A “seder” is the traditional meal centered around retelling of the story of the liberation of the Israelites from slavery in ancient Egypt. The haggadah is the book from which the retelling of the story is recited. The seder plate is a platter on which the various paschal symbols are arranged: a roasted egg, a bit of parsley, “charoset,” a lamb bone, horseradish and “matzos.” In this case, the plate is plastic on which my daughter drew in markers the various symbols — a grammar school project when she was younger (It’s become a family treasure.)
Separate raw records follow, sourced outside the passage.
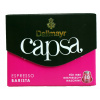 Dallmayr Capsa Espresso Barista 10 ks Dallmayr Capsa Espresso Barista 10 ks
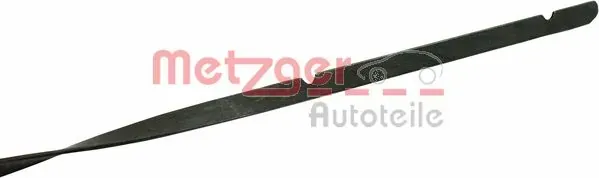 Масляний щуп Citroen C3 I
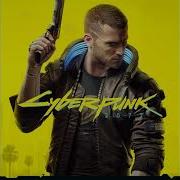 Cyberpunk 2077 Music Meme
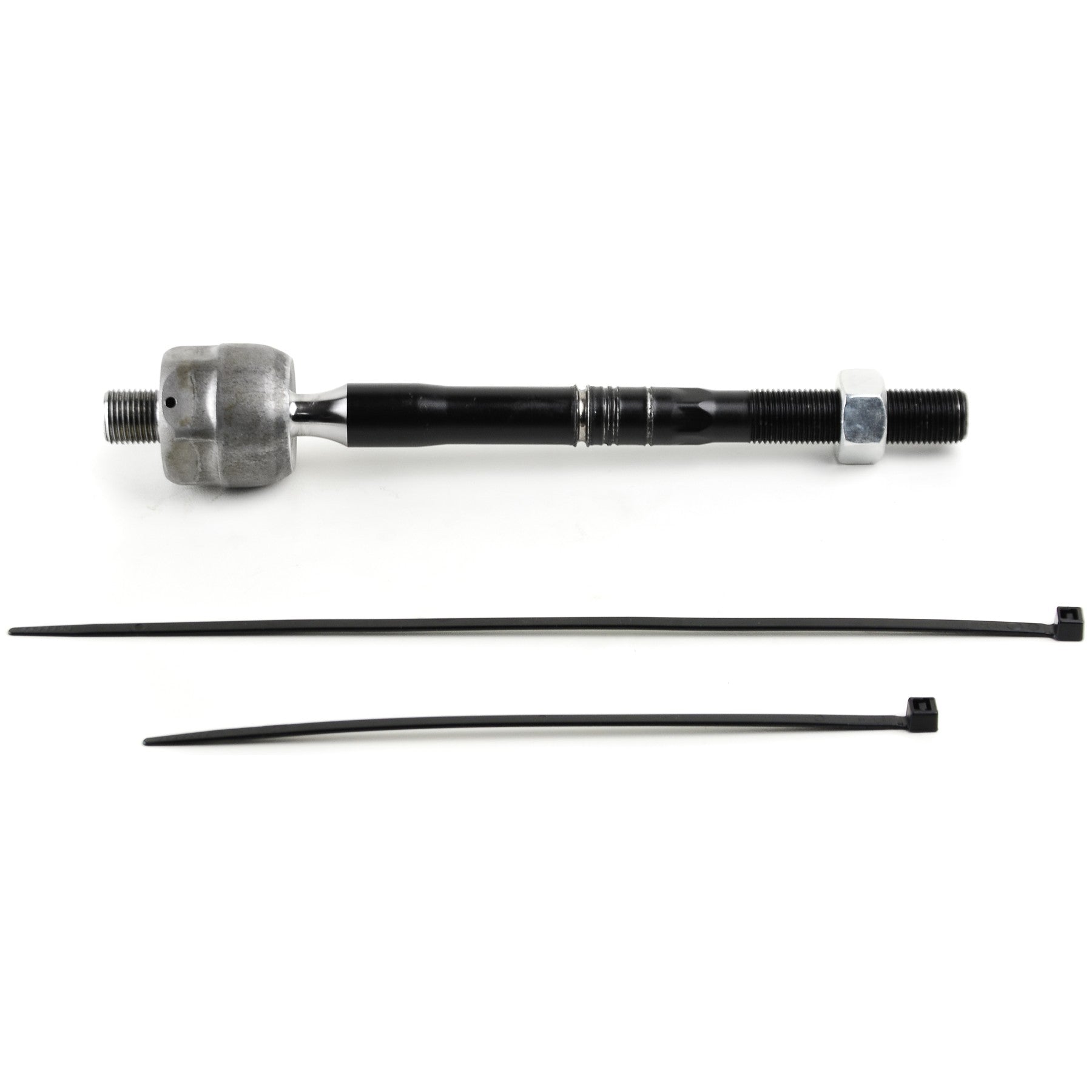 Terminal Axial de Direção - Viemar - 680405 - (4)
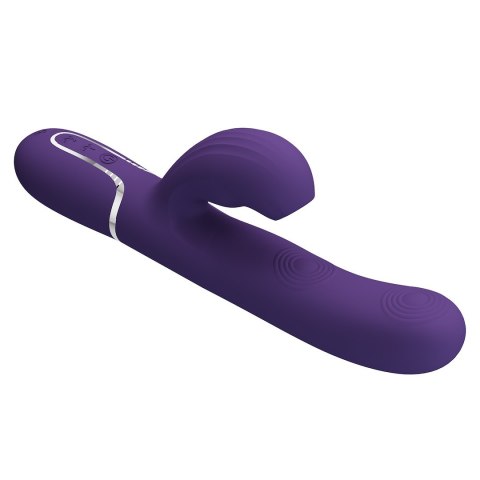 WIBRATOR PRETTY LOVE PERDITA 05-1556 WIBRATOR PRETTY LOVE PERDITA 05-1556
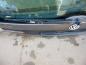 Preview: VW Passat Heckklappe / Heckdeckel Variant Bj: 1989-1993 Farbe Silber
Charoset is a mixture of apples, nuts, wine, honey and nuts spiced with cinnamon — and other things depending on the recipe of choice, that symbolizes the mortar (or mud used to make adobe bricks) which the Israelites used when they were enslaved in ancient Egypt. The word “charoset” comes from the Hebrew word “cheres” or “clay.” Charoset has always been top of the list of Passover treats and making it gives me particular delight. The recipe I use is traditionally Ashkenazi (with walnuts) while Sephardi style adds pears, raisins, figs, orange juice and pine nuts. No matter what recipe you use, it’s delicious, particularly on matzo with a bit of horseradish. (As I write this, I am munching on this very concoction and making a huge mess on the desk with the matzo crumbs and red horseradish!)
This year there was only one Jewish friend interested in putting together a seder, so in spite of the small number at the table, we decided to go all the way. “All the way” meant putting together a traditional meal, reading from the haggadah and getting drunk on the obligatory four glasses of wine.
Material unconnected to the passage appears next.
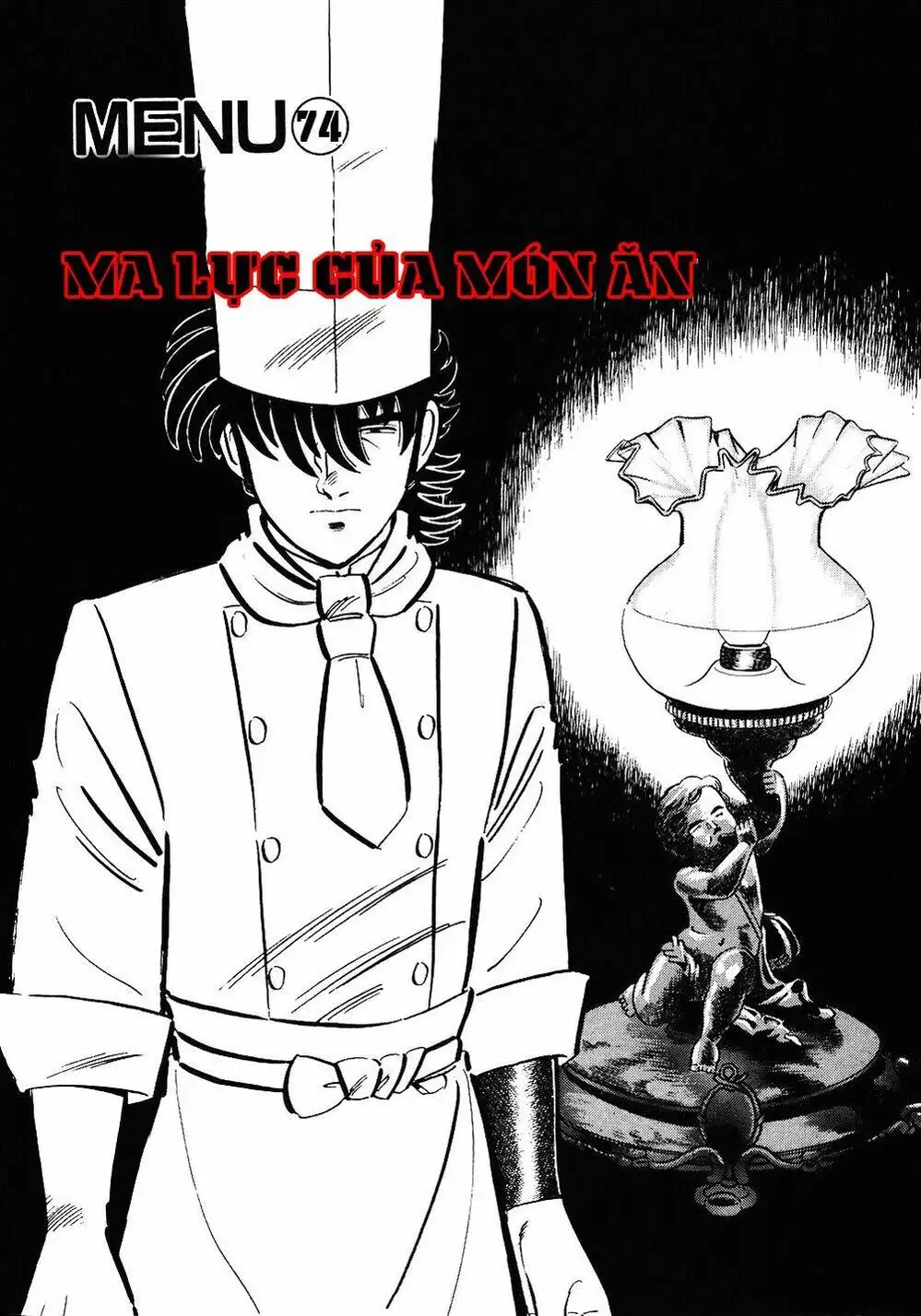Chapter 91 - Image 8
Like any Parisian setting out to put together such a meal, I headed over to rue des Rosiers to find “gefilte fish” — an Ashkenazi dish made from a poached mixture of ground boned fish, such as carp, whitefish or pike, which is eaten as an appetizer with horseradish (“raifort” in French). The young man in a “yarmelke” (a skullcap worn by the Orthodox or Conservative Jewish men) at Panzer (at number 26) almost read my mind before I asked and dropped into a bag a jar of gefilte fish along with a little tub of red horseradish — the milder kind with grated beets. Just those two items were a whopping 15€!…but what the hell…it’s Passover!
My grandmother used to make gefilte fish from scratch. I can remember vividly the big carp she’d buy and the process that took all day to turn it into oval-shaped balls. Like she served it, I placed them on a bed of lettuce, added sliced beets and set the horseradish in a bowl nearby.
At the market, matzos were easy to find, particularly in the markets of Le Marais which remains the home of the Ashkenazi community even though it was virtually annihilated during World War II. I squeezed the various kinds of apples till finding the hardest and crispiest and bagged a healthy amount of unshelled walnuts. My friend picked up a roast chicken from the rôtisserie on rue de Bretagne and frozen asparagus from “Picard” packaged with its own sauce, chestnuts and mushrooms that took 10 minutes to sauté and serve. (We opted for a ten-minute preparation instead of a two-minute haggadah!)
On the bookshelf, with a little searching, we rediscovered about a dozen home-printed “haggadahs” leftover from a past community seder at the American Cathedral in Paris that funnily enough had passages about Passover from the New Testament printed on the back. We set the table with a bottle of French wine, hard boiled eggs (symbolizing the mourning over the destruction of the Temple), the seder plate, horseradish and gefilte fish, lit the candles and began our service.
We sang the prayers in English and Hebrew, we took turns reading the passages and we ate and drank until we were full and drunk. This is not meant to be a lesson in Judaic tradition, but I will tell you that for the first time in my life, regardless of how many Passover seders in which I have participated or hosted, I fully understood and took to heart the story of the freedom of the Israelites and how it relates to the political quandaries of our day. In the process, we were fascinated and enlightened by various aspects of the story:
While the Israelites rejoiced in their freedom when crossing the Red Sea and the waters closed around the Egyptians, they recall that God said, “How can you sing when my children are drowning?” — meaning one should always remember that lives are lost to give freedom to others. We should never forget and forever be remorseful.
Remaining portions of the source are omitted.